» Task brief
The required output is the run of lines from the one holding "Staykiwi 4 in." through the final line of the listing, restated word for word, with no pictures.

───── Dataset

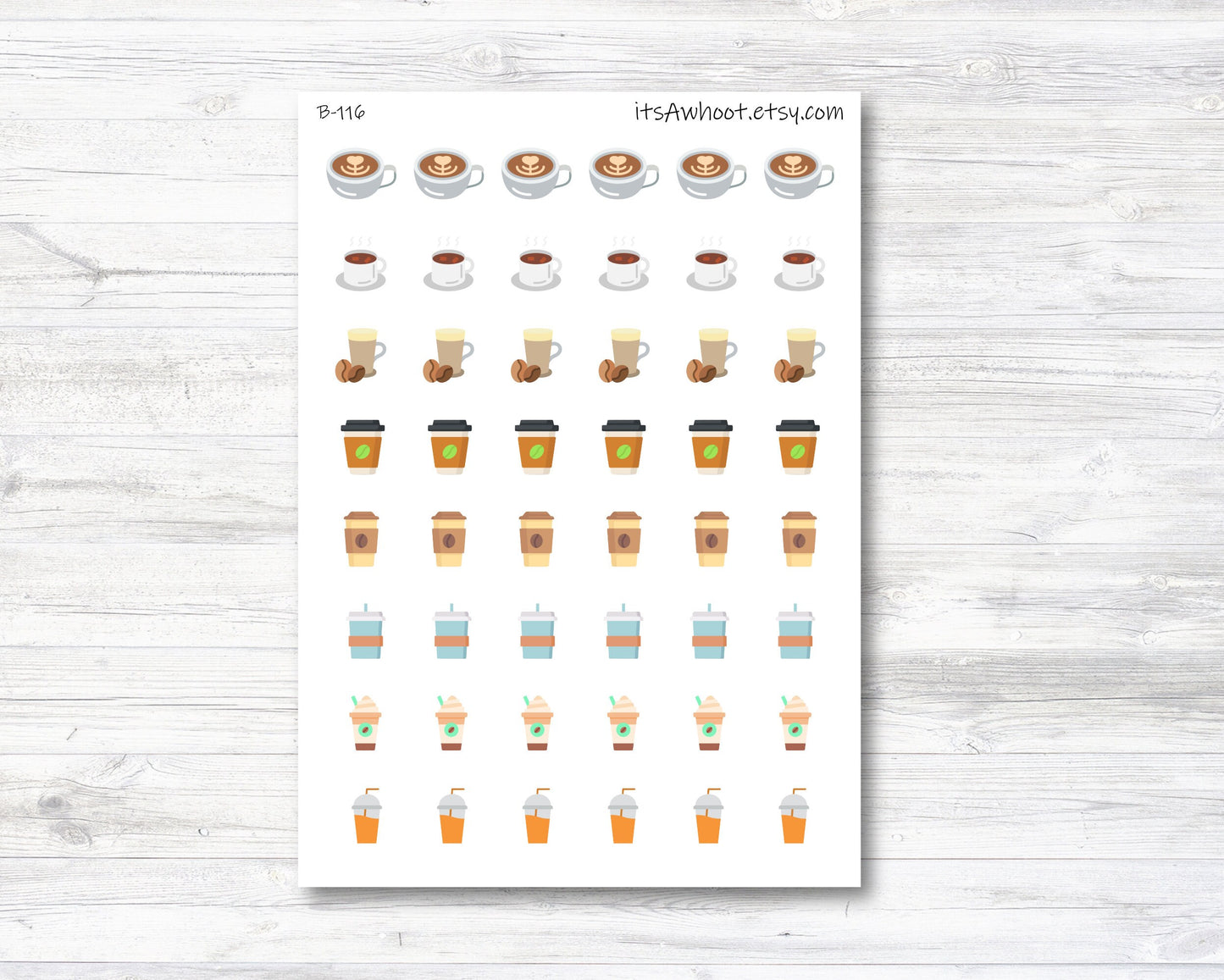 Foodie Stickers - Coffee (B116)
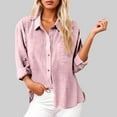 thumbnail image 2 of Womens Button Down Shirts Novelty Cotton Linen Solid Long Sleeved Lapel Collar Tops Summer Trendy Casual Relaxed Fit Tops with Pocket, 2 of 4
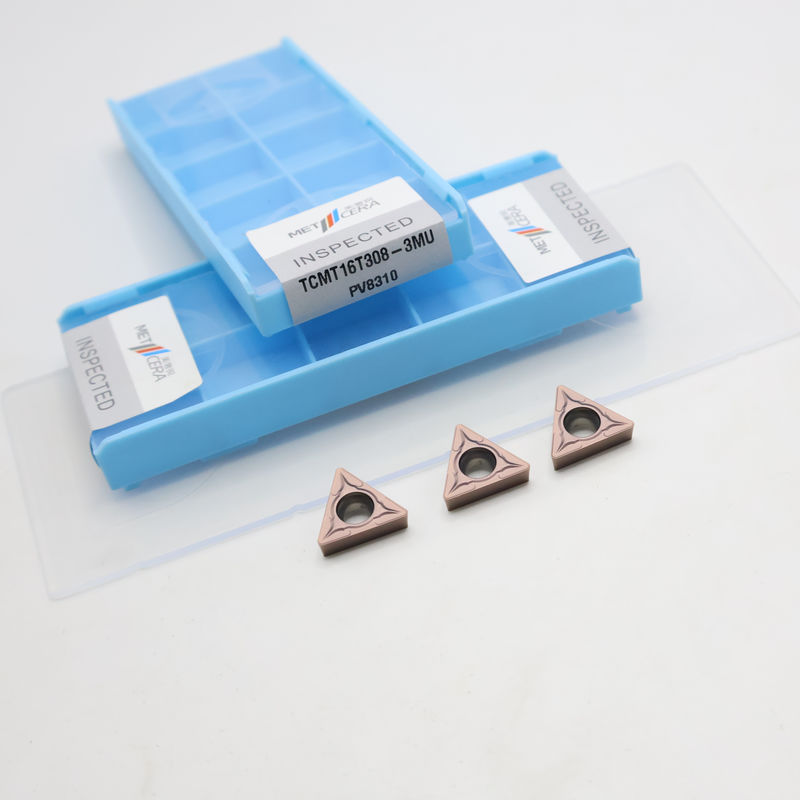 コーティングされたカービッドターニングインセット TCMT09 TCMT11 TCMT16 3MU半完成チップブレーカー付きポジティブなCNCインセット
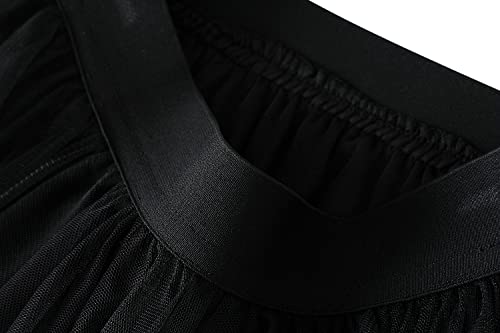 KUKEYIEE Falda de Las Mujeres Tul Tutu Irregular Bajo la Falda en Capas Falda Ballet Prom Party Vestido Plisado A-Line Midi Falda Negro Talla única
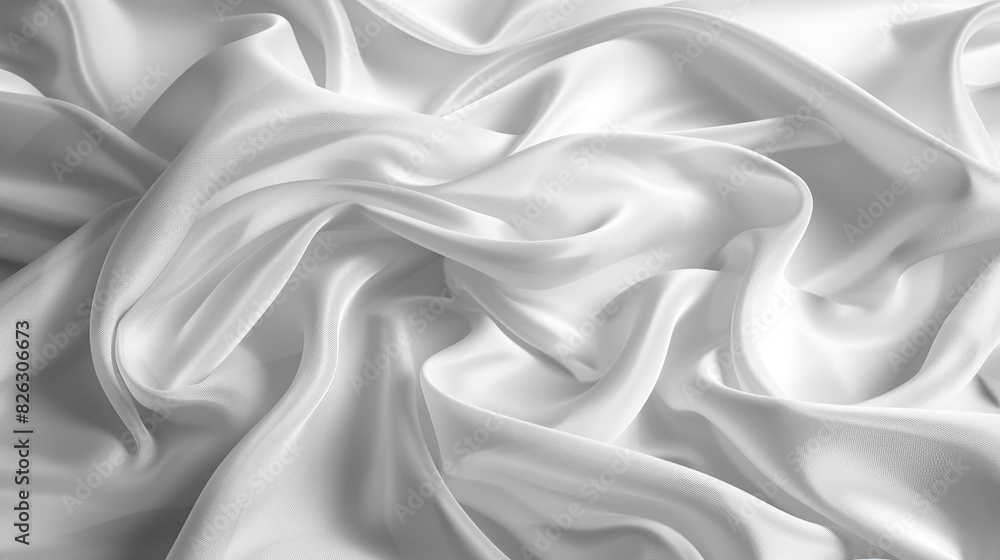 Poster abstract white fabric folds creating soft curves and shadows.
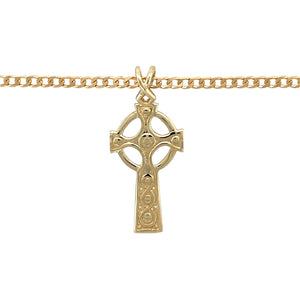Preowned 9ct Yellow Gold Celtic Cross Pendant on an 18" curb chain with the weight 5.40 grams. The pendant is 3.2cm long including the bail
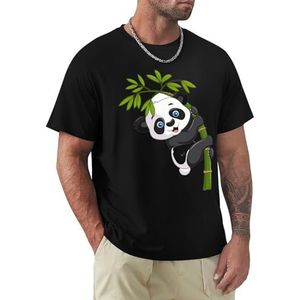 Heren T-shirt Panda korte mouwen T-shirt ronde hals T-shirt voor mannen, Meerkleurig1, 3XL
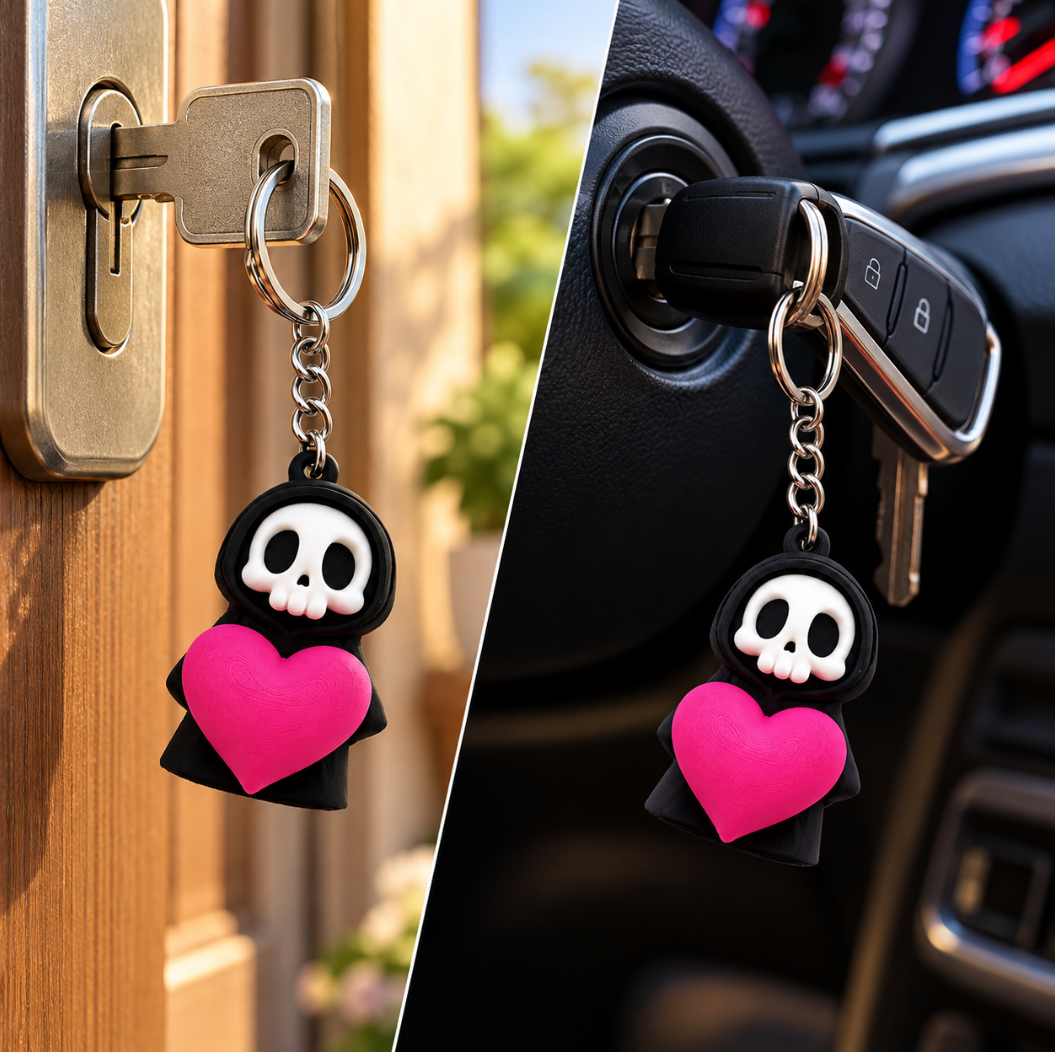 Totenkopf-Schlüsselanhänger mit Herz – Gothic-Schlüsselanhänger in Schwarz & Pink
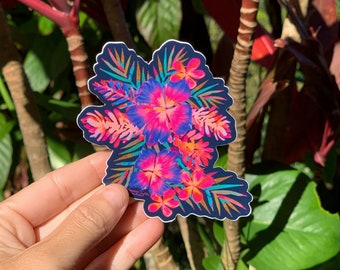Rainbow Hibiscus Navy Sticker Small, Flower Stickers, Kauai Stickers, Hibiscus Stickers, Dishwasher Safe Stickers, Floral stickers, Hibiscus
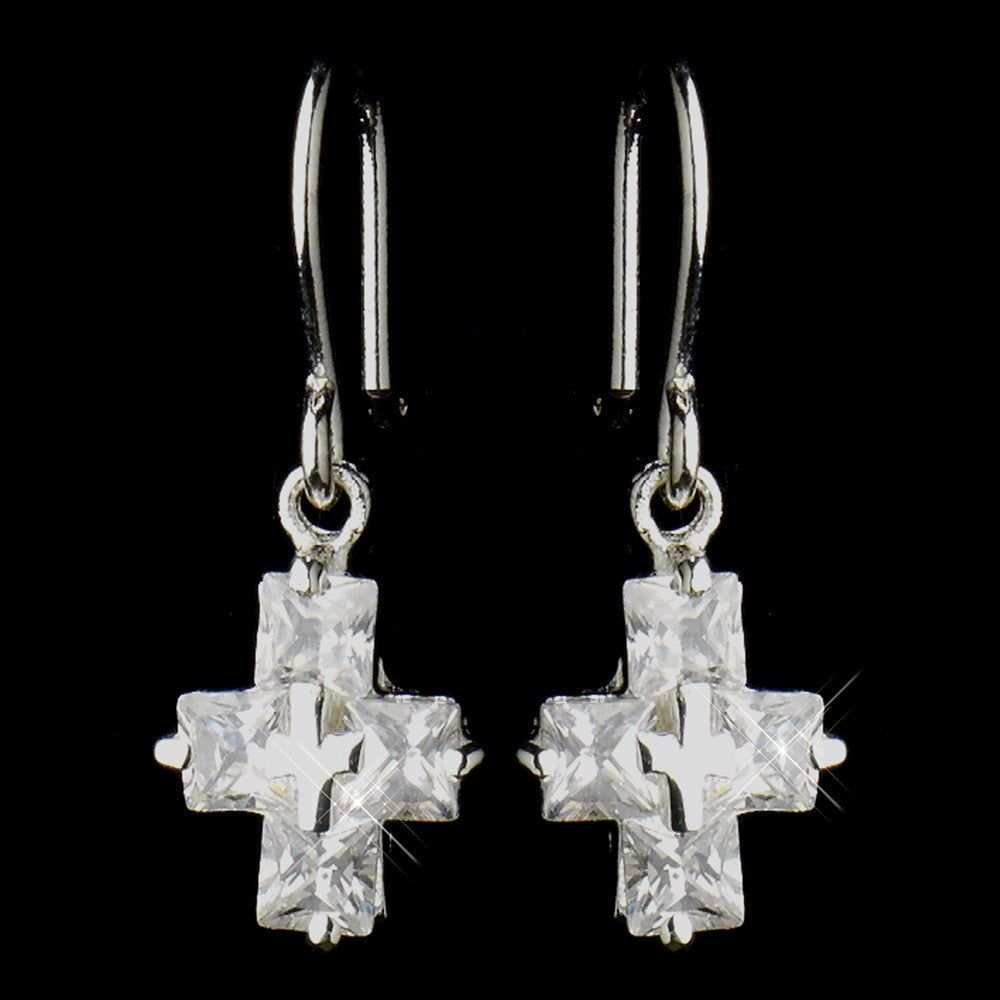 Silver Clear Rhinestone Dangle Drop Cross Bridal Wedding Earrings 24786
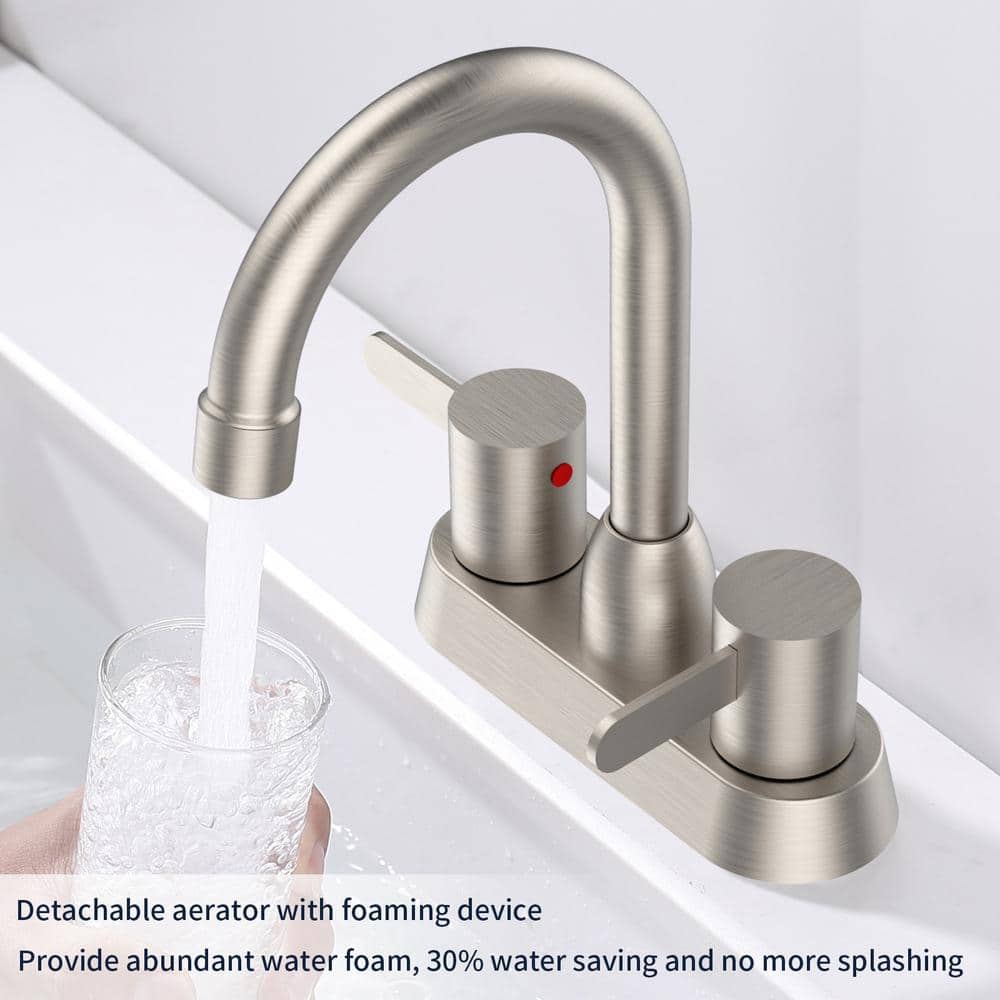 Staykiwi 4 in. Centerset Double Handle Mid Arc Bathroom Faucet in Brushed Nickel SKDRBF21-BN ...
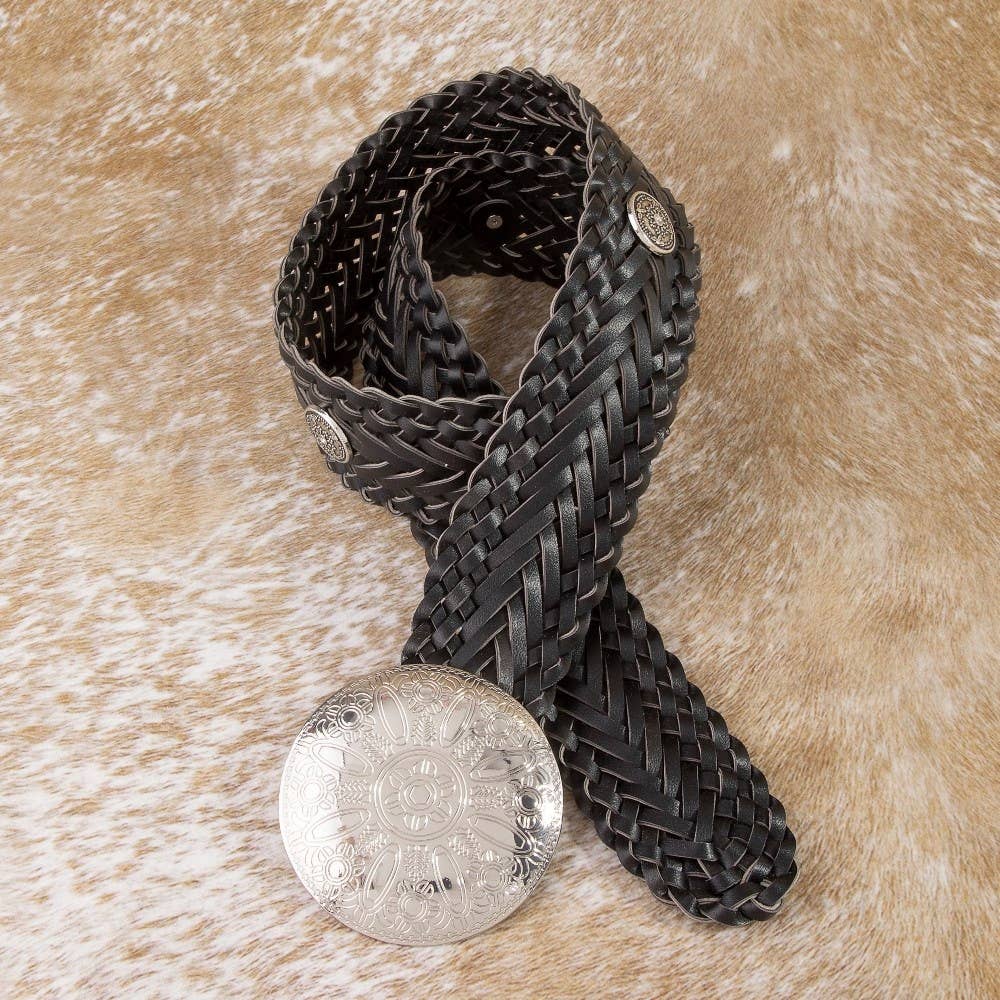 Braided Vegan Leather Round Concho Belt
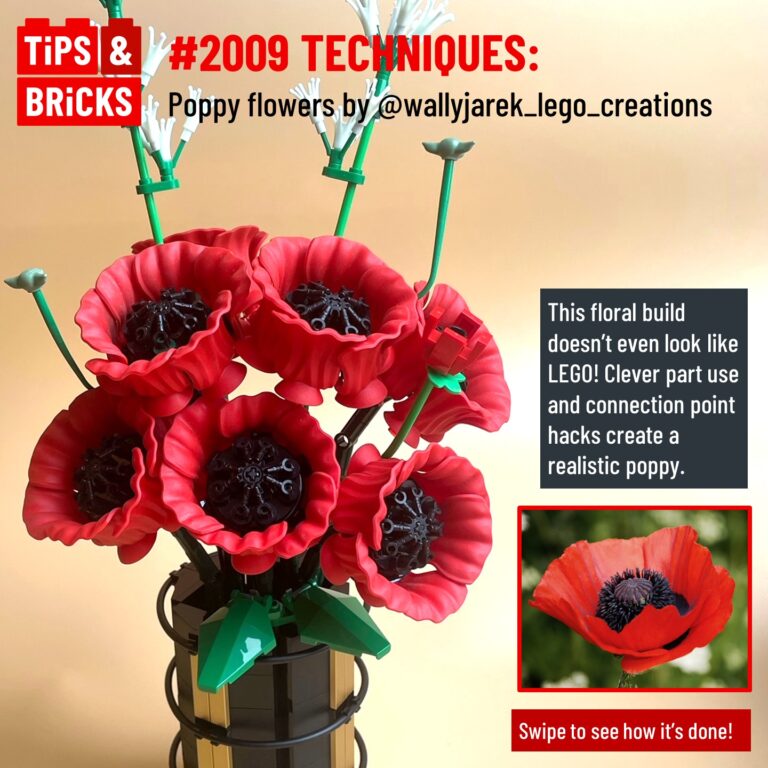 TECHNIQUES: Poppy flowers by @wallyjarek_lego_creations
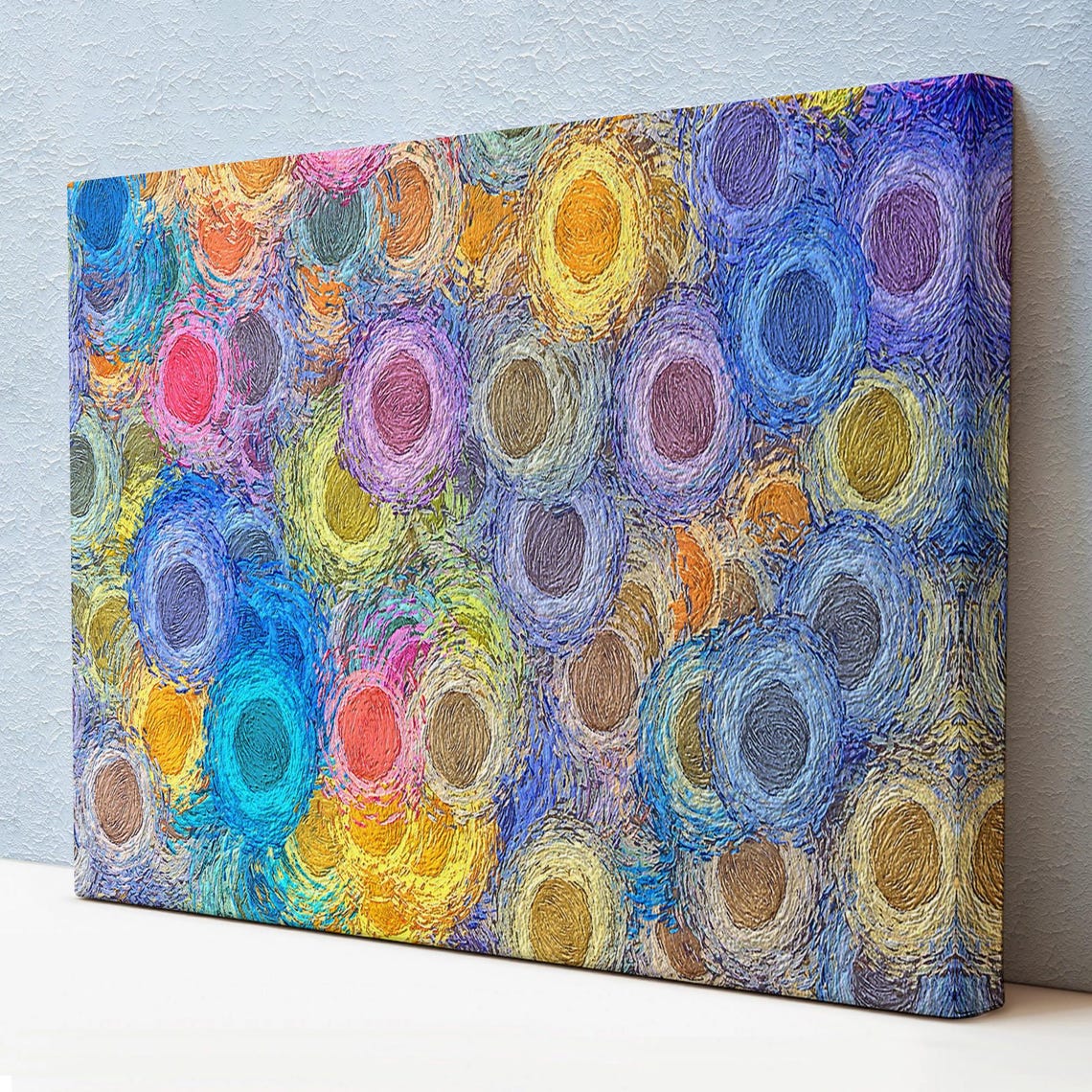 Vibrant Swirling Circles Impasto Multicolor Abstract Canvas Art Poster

──────────

» Expected output
 Staykiwi 4 in. Centerset Double Handle Mid Arc Bathroom Faucet in Brushed Nickel SKDRBF21-BN ...
 Braided Vegan Leather Round Concho Belt
 TECHNIQUES: Poppy flowers by @wallyjarek_lego_creations
 Vibrant Swirling Circles Impasto Multicolor Abstract Canvas Art Poster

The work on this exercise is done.